Pinta is the most northerly of the larger islands. It was thought that its tortoises were gone. Then, in 1972, George was discovered. He was taken to the Darwin Centre, on Santa Cruz Island, where he was been ever since. Meanwhile, a search got underway on Pinta in the hope of finding a female. It was not to be. George was the sole survivor of his race. In 1993, with hopes of finding a pure-bred partner finally abandoned, two females from other islands were introduced to George. They belonged to races closely related to the Pinta one. Offspring he might have produced with them would have a 50% complement of Pinta genes, offering a partial victory over extinction. George, however, had other plans. He had taken a vow of celibacy; eggs were produced on two occasions but they proved to be infertile. He was about 100 years old when he died, not a great age for a tortoise; one which Captain Cook is said to have presented to the Tongan royal family, died in 1977 at the age of 226.
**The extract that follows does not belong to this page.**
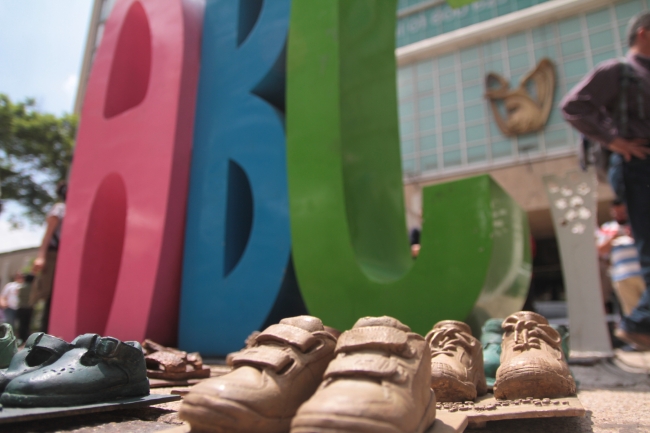 Padres piden justicia a 10 años de tragedia en guardería ABC - padres-guarderia-abc-2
So the Pinta sub-species of tortoise, it would seem, is gone for ever. There is, however, a tiny glimmer of hope, if the findings of a paper published by 13 scientists in the journal Current Biology earlier this year, are to be believed. In 1996, blood samples were taken from 1,600 tortoises on Isabela, the largest Galapagos island. DNA analysis of these revealed ‘genetic signatures’ of the extinct Floriana race among 11 hybrid individuals. This led the authors to speculate that pure-bred Floriana tortoises are ‘very likely still alive’ on Isabela and that ‘they could constitute core founders of a captive breeding programme directed towards resurrecting this species’.

But how did Floreana tortoises come to be on Isabela? Floreana, a relatively small island southeast of Isabela, has something which is very rare on Galapagos; a source of fresh water. Mariners, calling there to fill their ship’s tanks, helped themselves to tortoises as well. Within 10 years of Darwin’s visit to Floreana, its unique race of tortoise was gone. It’s suggested that, occasionally, captured Floreana tortoises fell from ships and swam ashore as they passed Isabella. There is little hope that members of George’s tribe have survived elsewhere, but samples of his DNA are being preserved. With advances in genetic engineering, who knows what will be possible in the future?